# Thread: what is [x]?

1. ## what is [x]?

I have to prove Y: Z -> Zm defined by Y(x) = [x] is a homomorphism, but I don't remember what [x] means. Any help would be greatly appreciated! Thanks!

2. Ok, I figured out [x] (it's the congruence class of x, yay!), but I'm given that the mapping in my first post is a homomorphism and I'm told to prove it. In order to prove that, I would have to show [x + y] = [x] + [y].
I don't see how that is true; for mod 3, [0] = {..., -6, -3, 0, 3, 6, ...} and
[1] = {..., -5, -2, 1, 4, 7, ...}. According to that equation, [0 + 1] = [0] + [1] = {..., -11, -5, 1, 7, 13, ...} which would be [1] with respect to mod 6.
Am I on the right track here, or am I completely off?

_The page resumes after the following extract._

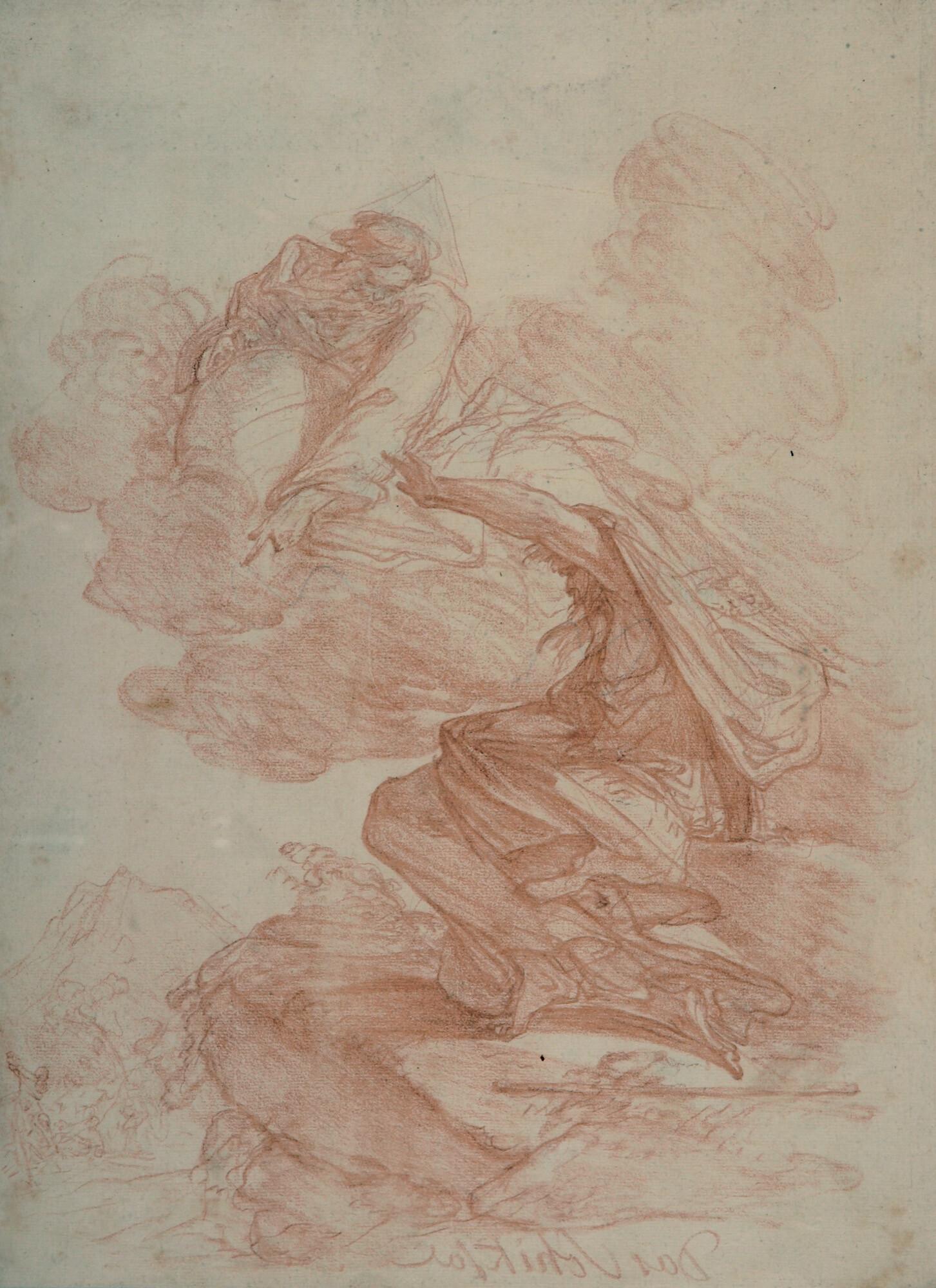 Christian Bernhard Rode - Das Schicksal.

3. Recall the definition of homomorphism.

You need to show that Y(xy)=Y(x)Y(y) for all x,y in Z.

So, Y(xy)=[xy] =[x][y]=Y(x)Y(y). Since you can always choose x to be the identity or 1, so [xy]=[x][y] will always be true if x,y in Z.

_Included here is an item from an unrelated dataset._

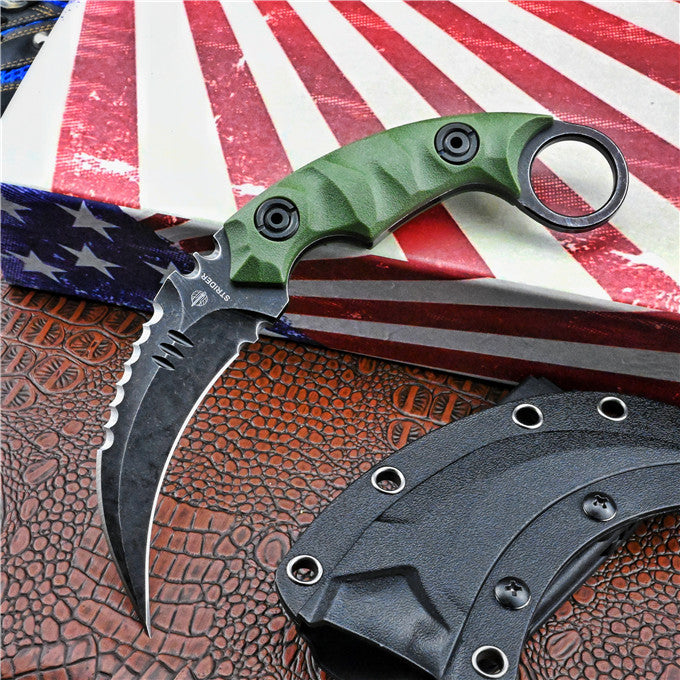 Shadow Claw Fiberglass Handle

4. Originally Posted by mdoyle
Ok, I figured out [x] (it's the congruence class of x, yay!), but I'm given that the mapping in my first post is a homomorphism and I'm told to prove it. In order to prove that, I would have to show [x + y] = [x] + [y].
I don't see how that is true; for mod 3, [0] = {..., -6, -3, 0, 3, 6, ...} and
[1] = {..., -5, -2, 1, 4, 7, ...}. According to that equation, [0 + 1] = [0] + [1] = {..., -11, -5, 1, 7, 13, ...} which would be [1] with respect to mod 6.
Am I on the right track here, or am I completely off?
You're on the right track but you're not adding the cosets properly. Remember that if $A, B \subset G$ then $A+B = \{a+b : a \in A, b \in B\}$. For instance $3+7=10$ should be in there.